En Irak, des milliers de manifestants contre l’ingérence de l’Iran et des Etats-Unis
Des milliers de manifestants ont protesté,
vendredi 10 janvier en Irak, contre l’ingérence de l’Iran et des
Etats-Unis, qui ont tous deux procédé à de récentes frappes dans le pays,
menaçant de faire plonger ce dernier dans le chaos. Sur la place Tahrir de
Bagdad, comme dans plusieurs villes du sud du pays, des milliers d’Irakiens ont
défilé aux cris de « Non à l’Iran ! Non à
l’Amérique ! » dans des cortèges d’une ampleur inégalée
depuis des semaines.
Ces derniers jours, sur les réseaux
sociaux, des appels exhortaient les Irakiens à relancer le mouvement social
entamé le 1er octobre. Dès la nuit de jeudi à vendredi, des
heurts ont éclaté entre manifestants et forces de l’ordre à Kerbala, située à
100 km au sud-ouest de Bagdad, tandis que des militants étaient arrêtés à
Bassora, dans le sud du pays.
Depuis plus de trois mois, des Irakiens
dénoncent leurs dirigeants, qu’ils accusent d’être des « incompétents » et
des « voleurs ». L’Irak est le douzième pays le plus
corrompu du monde, selon l’organisation non gouvernementale (ONG) Transparency
International.
En
finir aussi avec la mainmise de Téhéran
Le gouvernement du pays est en plein
marasme depuis des semaines et incapable de s’accorder pour nommer un
remplaçant au premier ministre démissionnaire, Adel Abdel Mahdi.

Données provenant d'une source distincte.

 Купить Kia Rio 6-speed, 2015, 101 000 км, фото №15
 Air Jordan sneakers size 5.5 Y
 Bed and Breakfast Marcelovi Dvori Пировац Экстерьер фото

Le mouvement, inédit parce que spontané, a
été émaillé par des violences et réprimé par les forces de l’ordre. Il y a eu
environ 460 morts – presque tous des manifestants – et plus de
25 000 blessés, dont beaucoup resteront handicapés à vie. En outre,
une vaste campagne d’intimidation, d’assassinats et d’enlèvements de militants
a eu pour effet de fortement tarir les rangs des manifestations.
Mais alors que les regards du monde entier
se tournent vers l’Irak, épicentre de la crise entre Washington et Téhéran, les
Irakiens en colère entendent bien reprendre la main en renvoyant dos à dos
Américains et Iraniens.
Le pouvoir, comme les forces de sécurité,
est aujourd’hui dominé par les pro-Iran, et le Parlement réclame le départ des
troupes américaines que les factions proches de Téhéran dénoncent comme
une « force d’occupation ». Les manifestants,
eux, veulent en finir aussi avec la mainmise de Téhéran. Ils réclament surtout
une amélioration des conditions de vie dans le deuxième pays producteur de
l’Organisation des pays exportateurs de pétrole (OPEP), où un jeune sur quatre
est au chômage et un habitant sur cinq vit sous le seuil de pauvreté.

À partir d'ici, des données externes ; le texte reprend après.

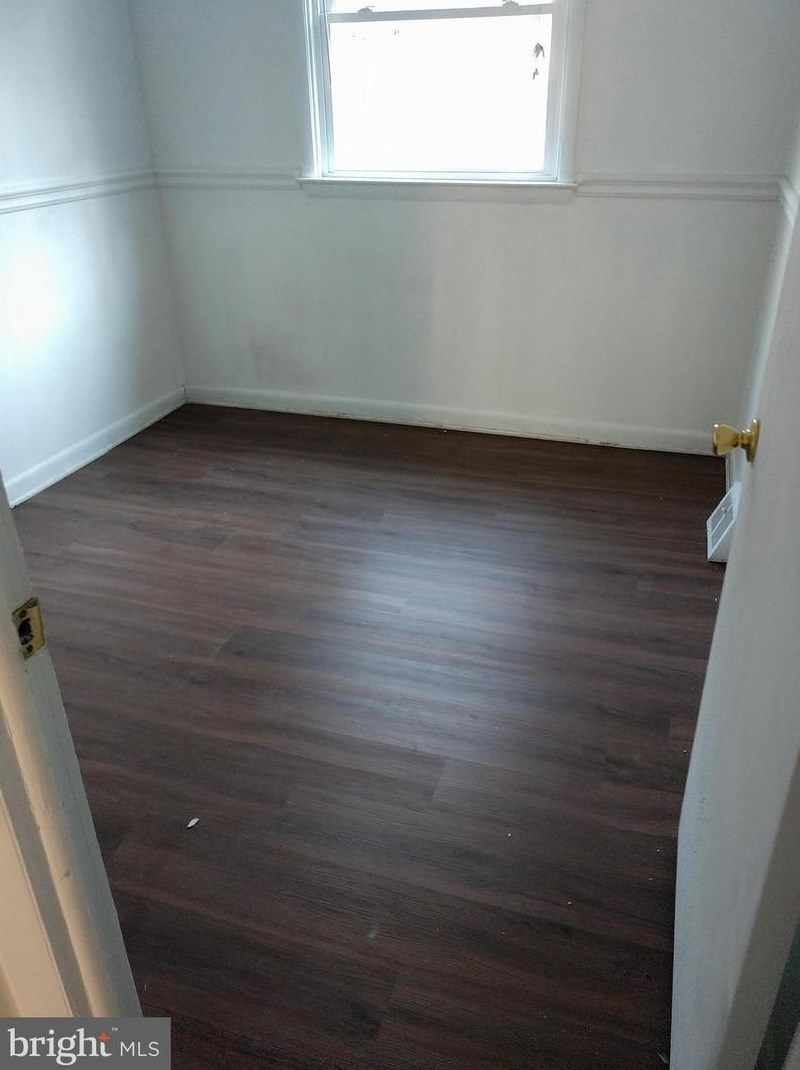 632 Grn Ln, Philadelphia PA  19128-2632 exterior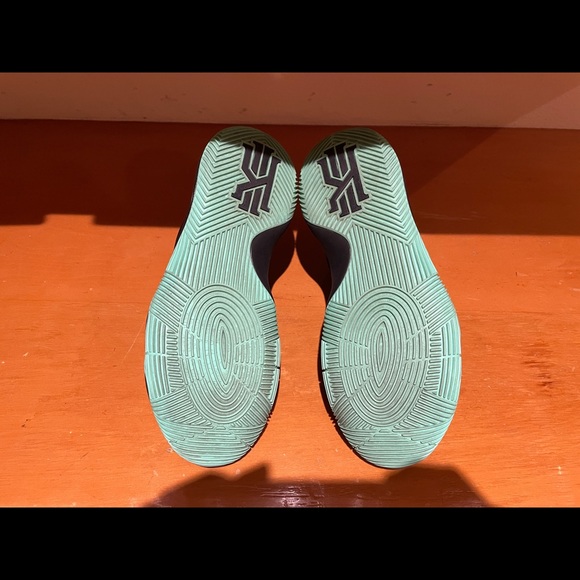 SOLD ✅✅ - Nike Kyrie 2 Green Glow - Size 8.5 - Picture 4 of 5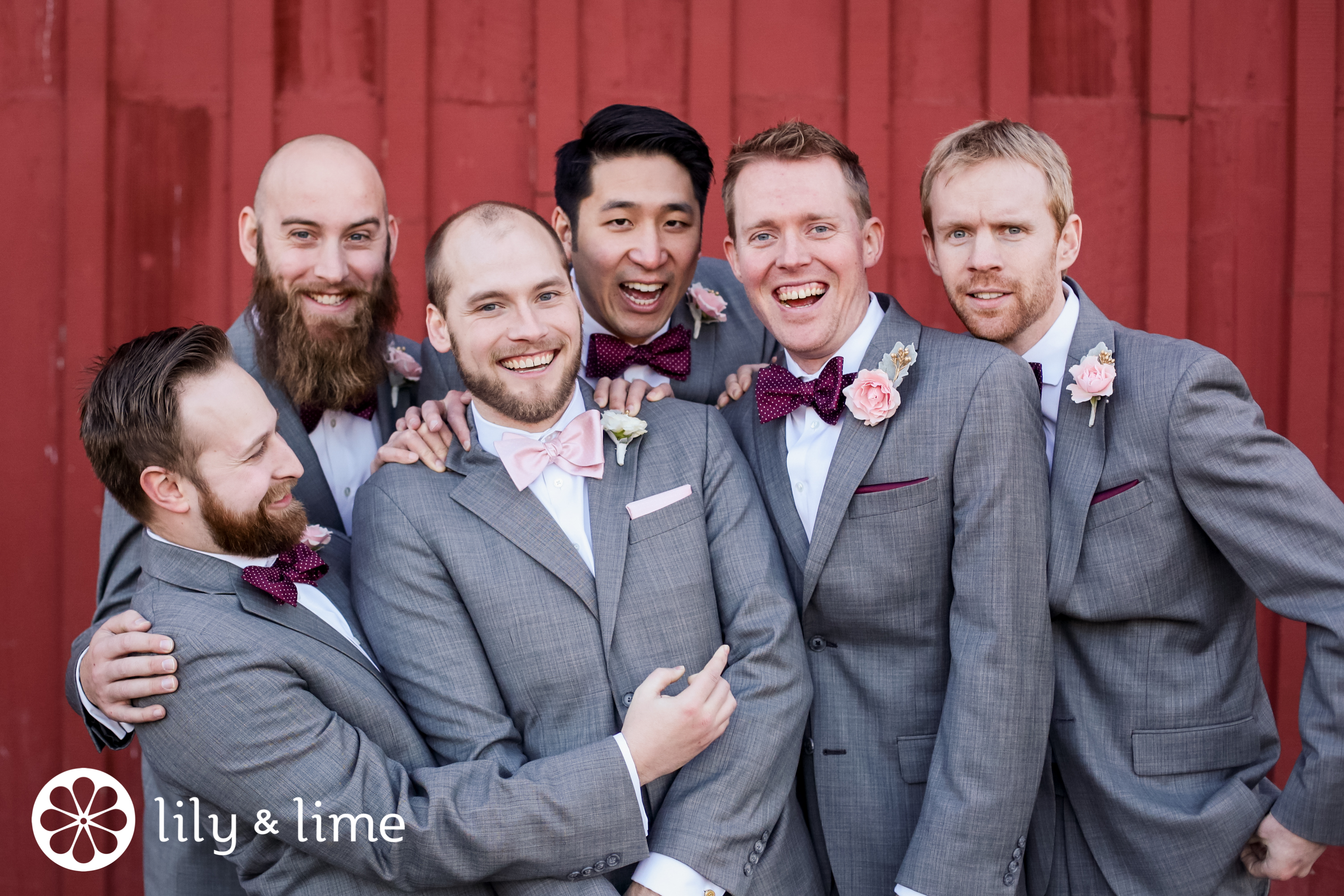 Boutonnieres discount for groomsmen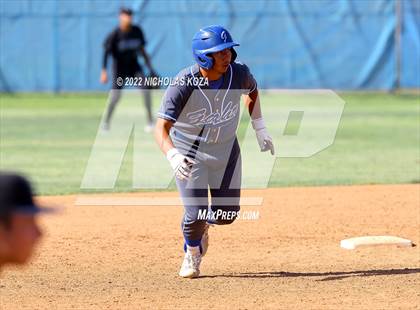 Thumbnail 3 in Warren vs. Gahr photogallery.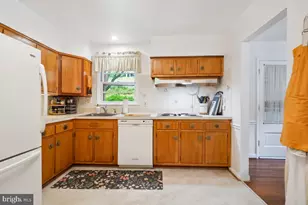 8504 Sundale Dr, Silver Spring, MD 20910 - Photo 3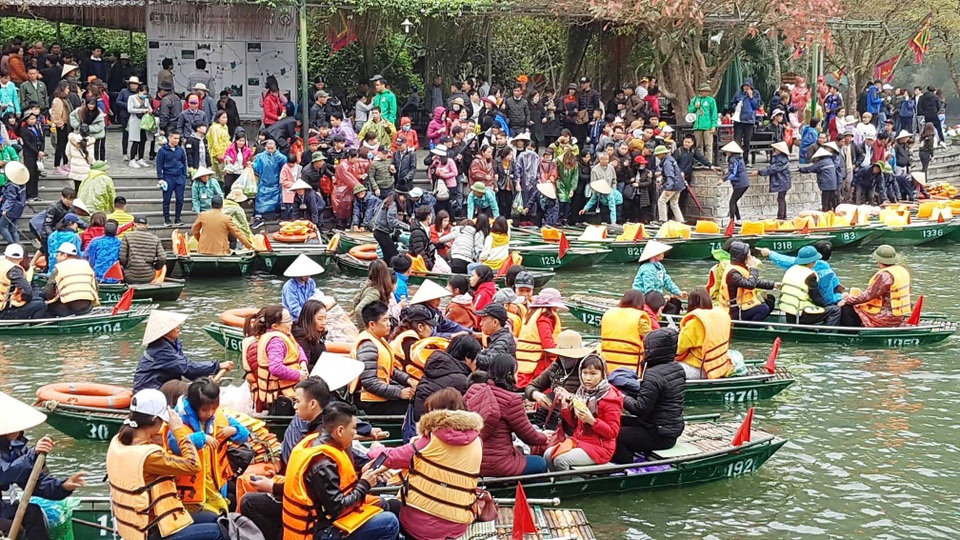 Du khách đến Ninh Bình dịp Tết Nguyên đán được bảo đảm an toàn tuyệt đối - 2 Du khách đến Ninh Bình dịp Tết Nguyên đán được bảo đảm an toàn tuyệt đối - 2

« Partenaire d’un Irak souverain »
Les Etats-Unis n’ont en tout cas pas
l’intention de discuter avec les autorités irakiennes d’un retrait de leurs
troupes, a déclaré vendredi le département d’Etat américain.
« A ce stade, toute délégation qui se
rendrait en Irak serait chargée de discuter de la meilleure manière de
reconfirmer notre partenariat stratégique, pas de discuter d’un retrait des
troupes », a affirmé la
porte-parole de la diplomatie américaine, Morgan Ortagus.
Le premier ministre démissionnaire irakien
avait auparavant demandé à Mike Pompeo, le secrétaire d’Etat américain, l’envoi
d’une délégation pour organiser le retrait des soldats américains du pays. Ces
troupes sont déployées dans le cadre d’une coalition internationale contre
l’organisation djihadiste Etat islamique (EI).
« Notre présence militaire en Irak
vise à poursuivre le combat contre l’EI et, comme l’a dit le secrétaire d’Etat,
nous sommes déterminés à protéger les Américains, les Irakiens et nos
partenaires de la coalition », a
insisté Mme Ortagus.
Elle a toutefois ajouté, sans plus de
précisions, que Washington voulait avoir une « discussion » avec
Bagdad « non seulement au sujet de la sécurité, mais aussi au
sujet de [leur] partenariat financier, économique et
diplomatique ». « Nous voulons être un ami et un partenaire
d’un Irak souverain, prospère et stable », a-t-elle assuré.